● Exercise aim: Return the listing below exactly, with the pictures dropped.

● Records supplied:
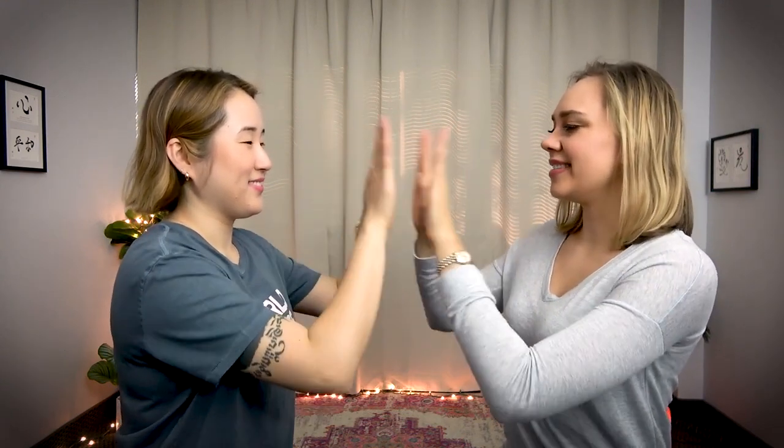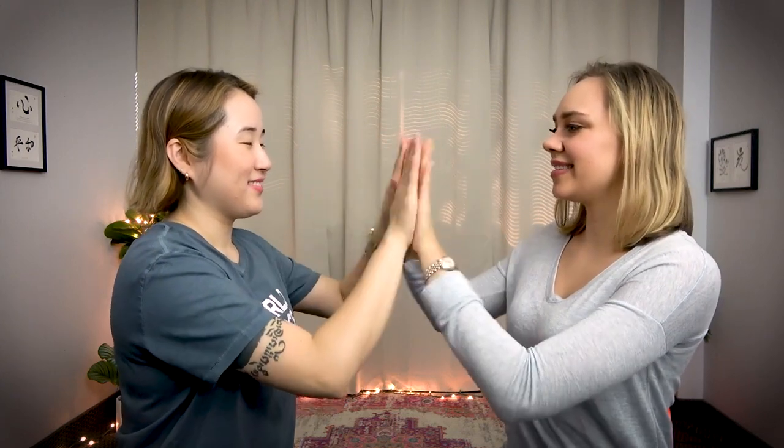So how it goes is you clap, and then you clap one here, clap again — one, two — clap again — one, two, three — clap again — one, two, one, two, three. You keep building the sequence, adding one more count each round. Oops — that's how it goes, so let's try it together.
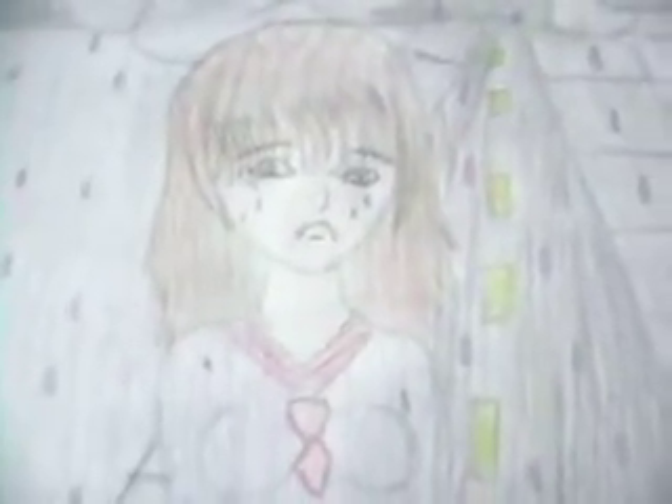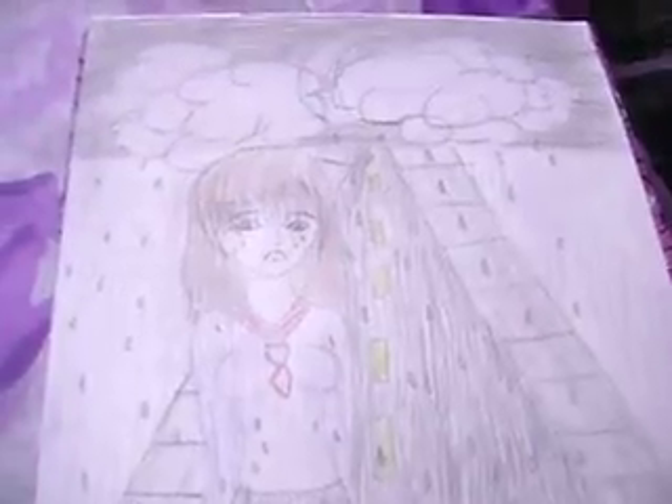That turned out awesome, I really have to say that it turned out awesome. I screwed up, I like it a lot, I just don't really like the picture. What I was trying to do was a more realistic face, anime body, and that turned out awesome sketch-wise without color, but with color it just...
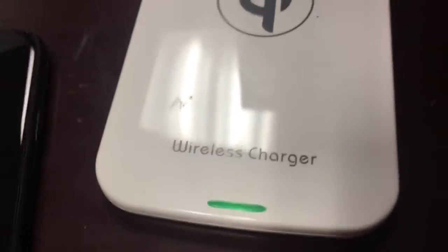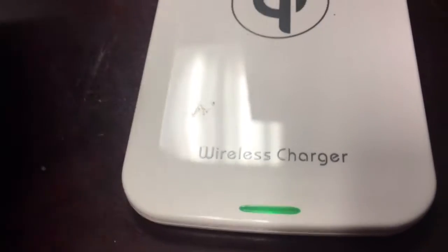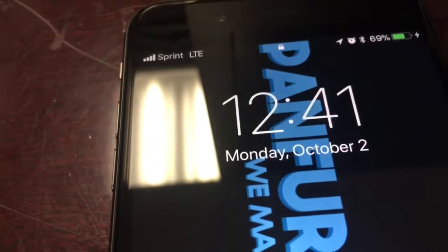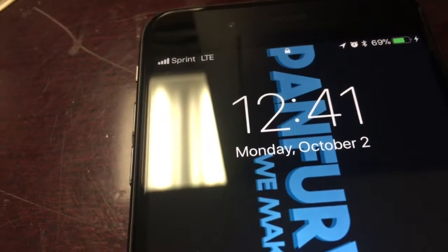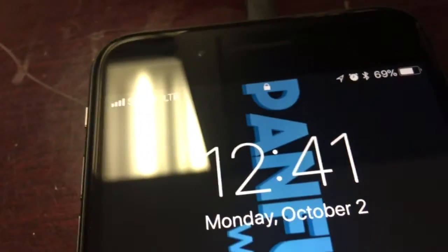Anthony F here with a very old Qi wireless charger and a new iPhone 8 Plus. Oh yeah, it's working! This was a review device, at least five years old, and it is working. Let's see — oh wait, what happened?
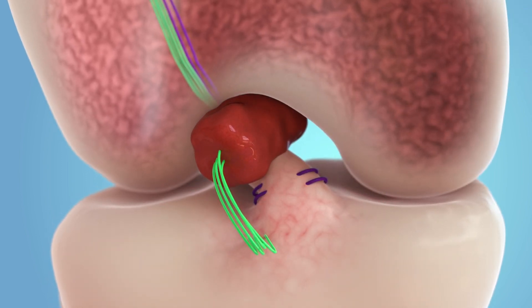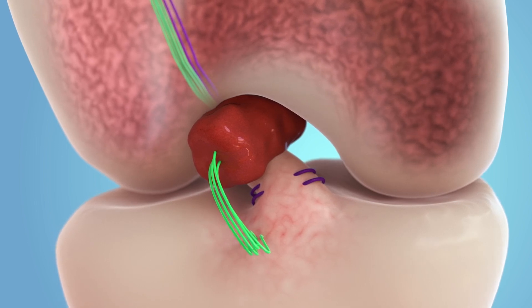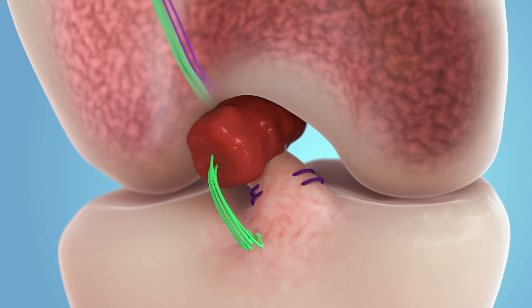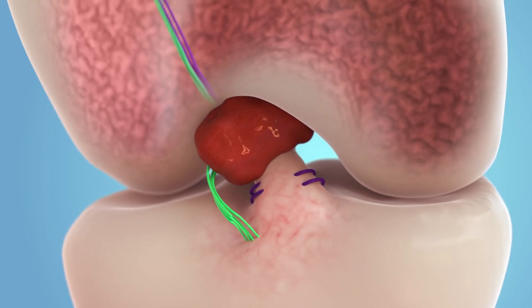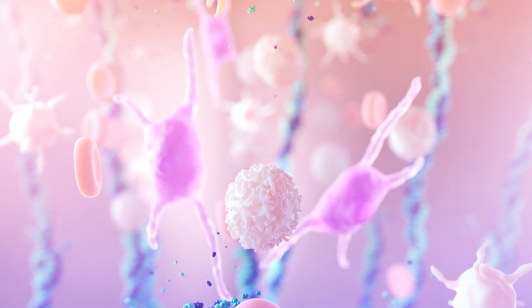The implant is then placed into the gap between the ends of the ACL, jump-starting the healing process and providing a bridge for the ligament to grow into. The surgeon then uses the sutures to pull the torn ends of the ACL into the implant.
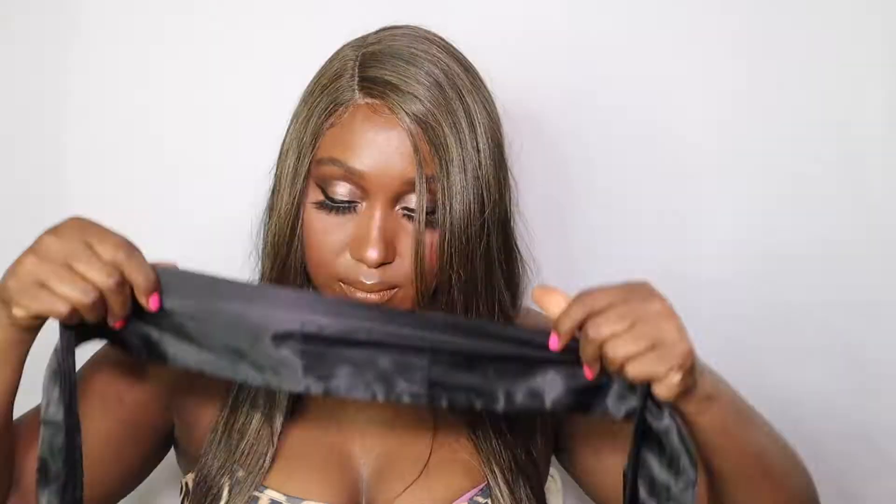Now that that's done, it's time to style our baby hair that already comes with the unit — so no need to cut it. Grab your styling products and let's style our baby hair. Now that our baby hair is styled, let's go ahead and lay it down for a few minutes to make sure it's set.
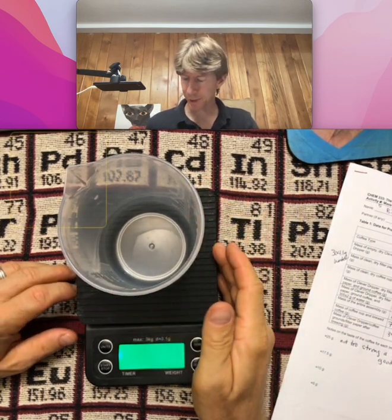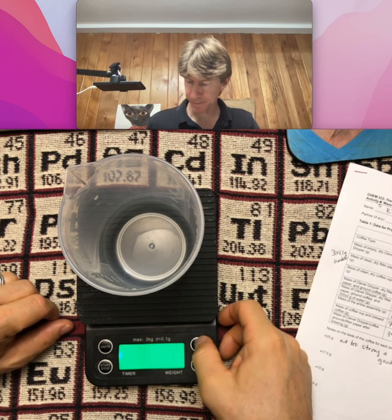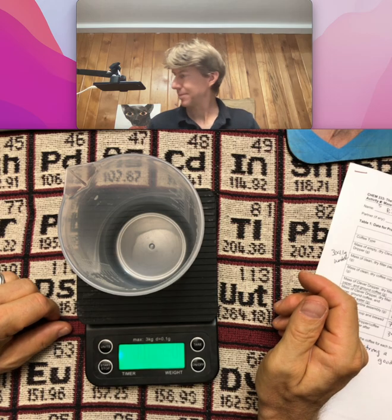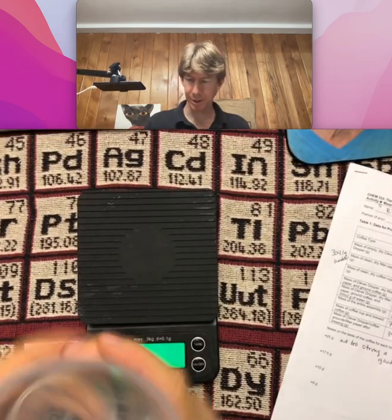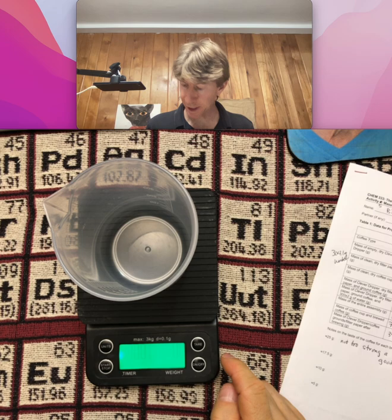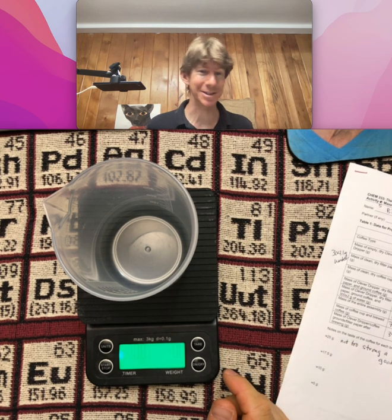This is hints number three. For hints number three, I'm going to tare a 500 milliliter beaker. That should be dry. Tare a 500 milliliter beaker. I just dried a little bit off and it still says 0.0.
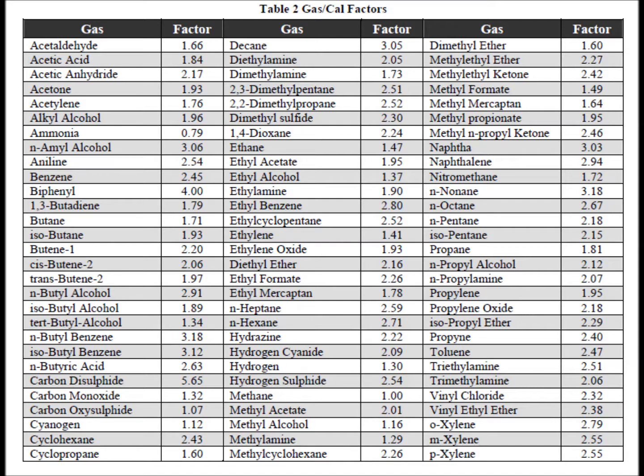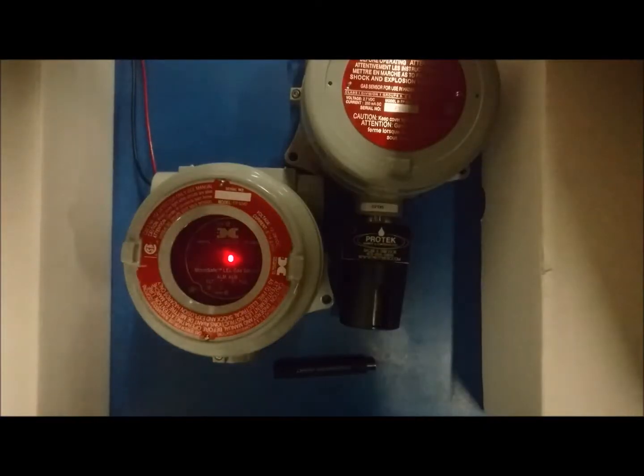As a note, if you will be using the FP524D to detect any LEL gas other than methane, you will be changing the gas factor. If you will be calibrating with any LEL gas other than methane, you will be changing the cal factor. If you need guidance with how to determine what the gas or calibration factor should be set to, please refer to the manual that came with the unit.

● Result for this task:
So how it goes is you clap, and then you clap one here, clap again — one, two — clap again — one, two, three — clap again — one, two, one, two, three. You keep building the sequence, adding one more count each round. Oops — that's how it goes, so let's try it together.
That turned out awesome, I really have to say that it turned out awesome. I screwed up, I like it a lot, I just don't really like the picture. What I was trying to do was a more realistic face, anime body, and that turned out awesome sketch-wise without color, but with color it just...
Anthony F here with a very old Qi wireless charger and a new iPhone 8 Plus. Oh yeah, it's working! This was a review device, at least five years old, and it is working. Let's see — oh wait, what happened?
The implant is then placed into the gap between the ends of the ACL, jump-starting the healing process and providing a bridge for the ligament to grow into. The surgeon then uses the sutures to pull the torn ends of the ACL into the implant.
Now that that's done, it's time to style our baby hair that already comes with the unit — so no need to cut it. Grab your styling products and let's style our baby hair. Now that our baby hair is styled, let's go ahead and lay it down for a few minutes to make sure it's set.
This is hints number three. For hints number three, I'm going to tare a 500 milliliter beaker. That should be dry. Tare a 500 milliliter beaker. I just dried a little bit off and it still says 0.0.
As a note, if you will be using the FP524D to detect any LEL gas other than methane, you will be changing the gas factor. If you will be calibrating with any LEL gas other than methane, you will be changing the cal factor. If you need guidance with how to determine what the gas or calibration factor should be set to, please refer to the manual that came with the unit.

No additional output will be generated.